[PATCH v9 5/7] vfio: Define vfio based dma-buf operations

Alex Williamson alex.williamson at redhat.com
Mon Jun 19 14:54:09 UTC 2017


On Mon, 19 Jun 2017 08:34:13 +0200
Gerd Hoffmann <kraxel at redhat.com> wrote:

>   Hi,
> 
> > So perhaps this becomes:
> > 
> > struct vfio_device_gfx_plane_info {
> > 	__u64 start;
> > 	__u64 drm_format_mod;
> > 	__u32 drm_format;
> > 	__u32 width;
> > 	__u32 height;
> > 	__u32 stride;
> > 	__u32 size;
> > 	__u32 x_pos;
> > 	__u32 y_pos;
> > };  
> 
> Looks good.
> 
> > struct vfio_device_query_gfx_plane {
> > 	__u32 argsz;
> > 	__u32 flags;
> > #define VFIO_GFX_PLANE_FLAGS_REGION_ID		(1 << 0)
> > #define VFIO_GFX_PLANE_FLAGS_PLANE_ID		(1 << 1)
> > 	struct vfio_device_gfx_plane_info plane_info;
> > 	__u32 id; 
> > };  
> 
> Hmm, plane isn't really an ID, it is a type, with type being either
> DRM_PLANE_TYPE_PRIMARY or DRM_PLANE_TYPE_CURSOR, so I don't think the
> flage above make sense.

The intention was that ..._REGION_ID and ...PLANE_ID are describing
what the vfio_device_query_gfx_plane.id field represents, either a
region index or a plane identifier.  The type of plane would be
represented within the vfio_device_gfx_plane_info struct.

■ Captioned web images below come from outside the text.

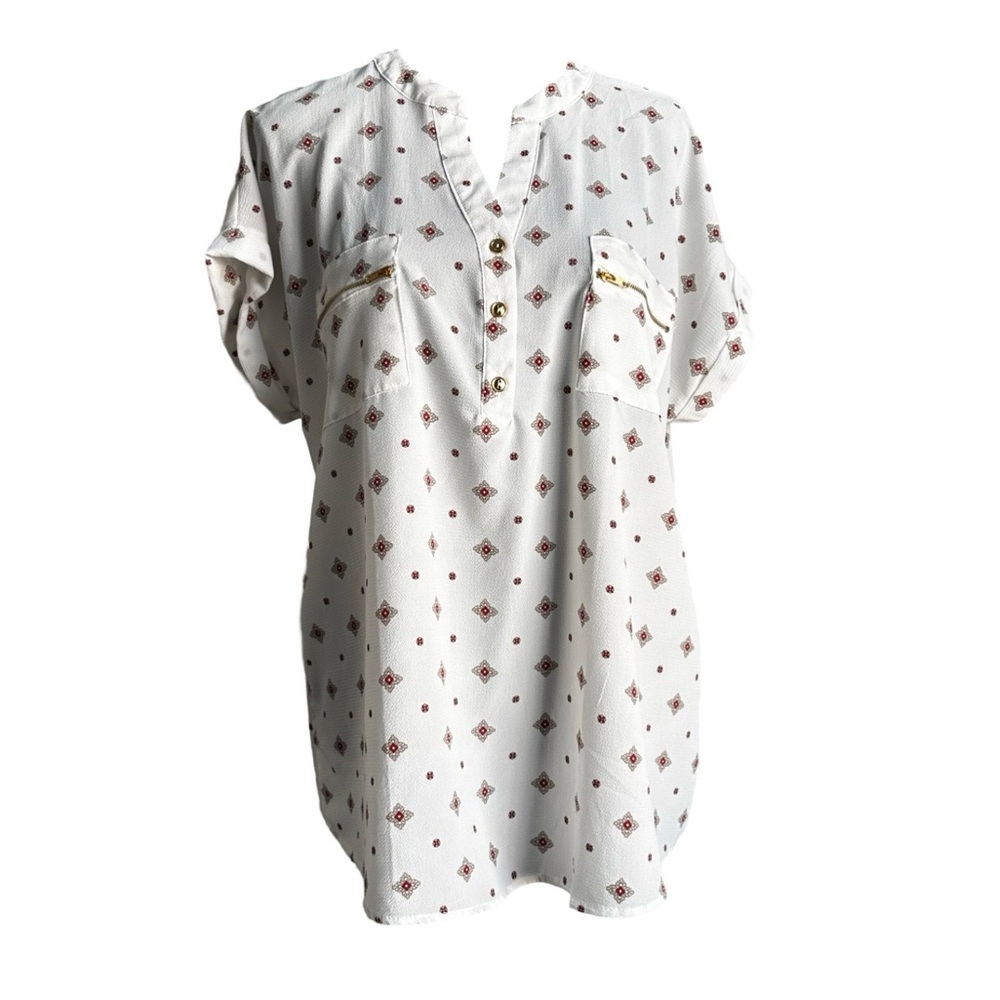 NWOT Flower & Feather Woman’s Size 1XL short sleeve blouse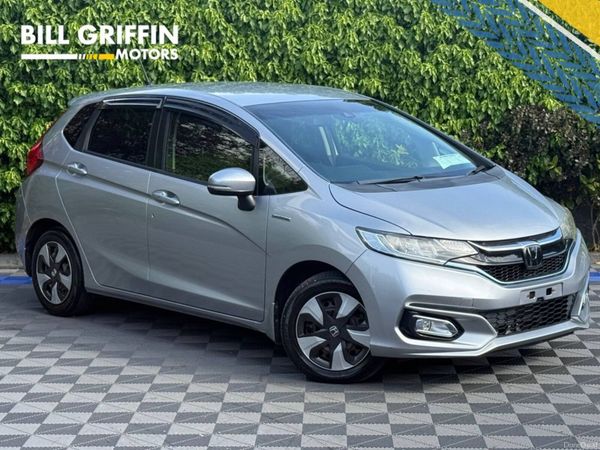 Honda Fit Hatchback, Petrol Hybrid, 2017, Silver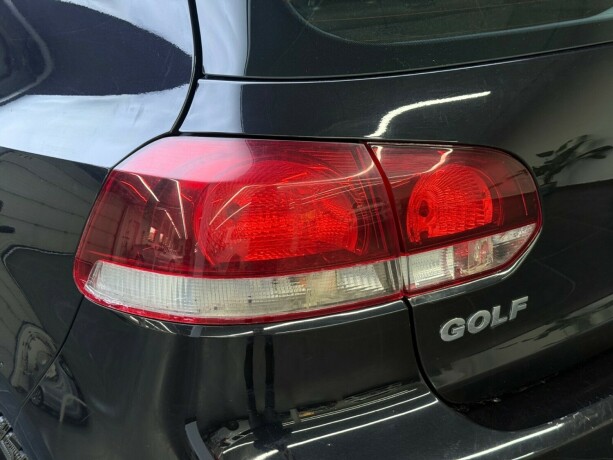 volkswagen-golf-diesel-2011-big-6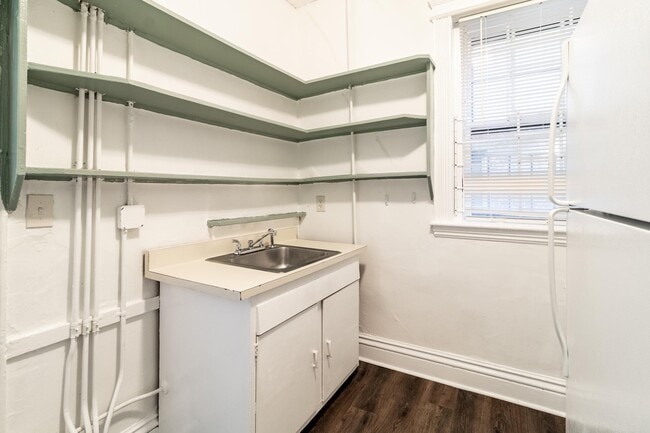 Building Photo - 29 Queensberry St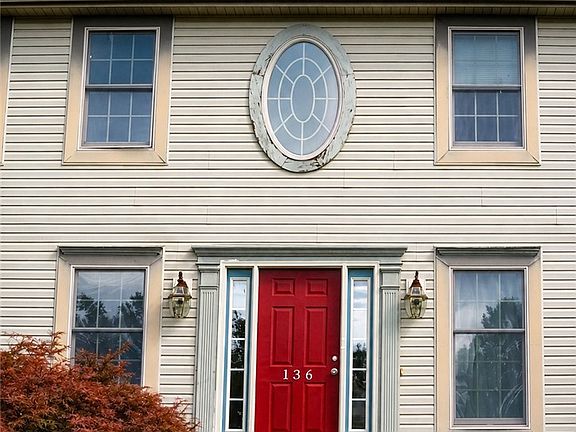 2nd image of 136 Jade Cir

> What are the nvidia plane for cursor support btw?
> 
> > The flag defines the data in the id field as either referring to a
> > region (perhaps there could be multiple regions with only one active)  
> 
> Well, we have a "start" field in vfio_device_gfx_plane_info (maybe we
> should rename that to "offset"), which can be used to place multiple
> planes into a single, fixed region.

That seems reasonable.
 
> Also I think it would be useful to have some way to figure the device
> capabilities as the userspace workflow will look quite different for
> the two cases.

In the region case, VFIO_DEVICE_GET_REGION_INFO would include a device
specific region with a hopefully common identifier to identify it as a
graphics framebuffer.  VFIO_DEVICE_QUERY_GFX_PLANE would indicate the
plane as a region index.

In the dmabuf case, VFIO_DEVICE_QUERY_GFX_PLANE would indicate the
plane as a "plane ID" and some sort of
VFIO_DEVICE_GET_GFX_PLANE(VFIO_GFX_TYPE_DMABUF) ioctl would be
necessary to get a file descriptor to that plane.